The methylation status of the three promoters of DKK3 gene was performed on 32 tumor samples MB tumors and five cell lines by pyrosequencing analysis. Briefly, genomic DNA (1 μg) was modified with sodium bisulfite, which converts the unmethylated C into U, using the EZ DNA Methylation Gold kit (Zymo Research, Irvine, CA, USA), according to the manufacturer’s recommendations. The pyrosequencing analysis was carried out as described by Banelli et al.[33] with a SPQ 96MA instrument (Qiagen, Hilden, Germany) and conducted with the Pyro Q-CpG software (version 1.0.9; Qiagen Technologies, Hilden, Germany, 2006). The primers were designed with the Pyrosequencing Assay Design Software (Qiagen Technologies, Hilden, Germany). The sequence of the primers used pyrosequencing and the PCR conditions are indicated in the Table S4.
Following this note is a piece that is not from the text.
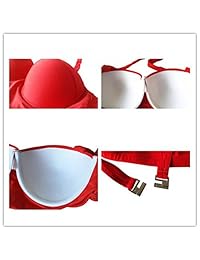 Amourri Womens traje de baño bikini, estilo retro, vintage, polka, tiro alto con aro para mujer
3.6. Immunofluorescence Analysis

Immunofluorescence analysis was performed on adherent cell lines (DAOY, D425Med and D283Med). Cells were treated for 24 h with 20 nM TSA, then control and treated cells were plated overnight on a Poly-d-Lysine 8-well slide (BD Biosciences, Franklin Lakes, NJ, USA) to allow adherence to the slide surface. Immunostaining was performed, as previously described by Del Grosso et al. [34], with slight modifications. Briefly, the primary antibody goat anti-human DKK-3 (H-130; Santa Cruz Biotechnologies, Inc., Santa Cruz, CA, USA) was incubated for 2 h at 37 °C, and after the secondary antibody incubation, cells were washed and stained with DAPI (1:5000). The images were acquired using an Axio Imager M1 microscope equipped with fluorescence lamp (Zeiss Inc., Oberkochen, Germany).

4. Conclusions

In conclusion, we describe for the first time the downregulation of DKK3, a Wnt pathway inhibitor, across all MB subgroups, suggesting a generally important role in MB tumorigenesis. We also demonstrate the modulation of DKK3 at transcript and protein levels by TSA, a potent inhibitor of HDAC, in the absence of promoter methylation and miRNAs regulation. We report the specific upregulation of the other DKK members, DKK1, DKK2 and DKK4, suggesting a negative feedback loop within WNT tumors. This paper demonstrates that DKK3 is an epigenetically regulated gene, and further studies are needed to establish the role of DKK3 and the effect of its overexpression in medulloblastoma.